39th EVA International (Phase 2)
Phase 2 of the 39th EVA International was the second of a three-phase exhibition programme that unfolded across venues in Limerick city and online, from 2 July – 22 August 2021. It featured 14 presentations by Irish and international artists and collaborating curators across exhibition venues Park Point, Sailor’s Home and spacecraft, remotely and online.
The 39th EVA International took its reference from the “Golden Vein,” a 19th-century descriptor for the agricultural bounty of the Limerick region, and across all phases of the programme it sought to question ideas of land and its contested values in the context of Ireland today. Through the work of the participating artists, these questions extended to broader considerations of how we relate to land in terms of ideology, identity, and resource.
The Guest Programme titled Little did they know, curated by Merve Elveren, featured artists Diego Bruno, Barış Doğrusöz, Melanie Jackson & Esther Leslie, Amy Lien & Enzo Camacho, Hana Miletić, Deirdre O’Mahony, Richard Proffitt, Mario Rizzi, and Aykan Safoğlu and presentations by Asia Art Archives’ Betsy Damon Archive: Keepers of the Waters (Chengdu and Lhasa) and Kosovo Oral History Initiative’s Reconciliation of Blood Feuds Campaign 1990-1991. The Little did they know online platform available to view here, brought together content and resources that expanded upon individual works and research-based projects represented in the exhibition.

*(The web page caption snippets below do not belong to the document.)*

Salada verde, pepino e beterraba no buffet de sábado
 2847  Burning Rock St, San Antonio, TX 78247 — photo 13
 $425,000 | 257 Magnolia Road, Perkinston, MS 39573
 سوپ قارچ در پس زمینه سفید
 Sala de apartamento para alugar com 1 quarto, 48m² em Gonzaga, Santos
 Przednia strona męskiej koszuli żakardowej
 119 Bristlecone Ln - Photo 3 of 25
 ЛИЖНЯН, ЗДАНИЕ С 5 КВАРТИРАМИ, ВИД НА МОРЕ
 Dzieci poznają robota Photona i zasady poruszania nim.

Phase 2 featured new commissions as part of EVA’s Platform Commissions, including a video work by Eimear Walshe made available through postal subscription, that considered relationships between sex, sexuality and politics; and the presentation of Áine McBride’s sculptural work that augmented the 19th century architecture of Limerick’s Sailor’s Home. Anca Benera and Arnold Estefan also presented works at spacecraft through the Partnership Projects initiative developed by EVA’s participation in the Magic Carpets network.The presentation investigated the phenomenon of man-made landscapes around the world, where the making and marking of landscape as a form of spatial modification goes hand-in-hand with heightened state violence and the over-exploitation of resources.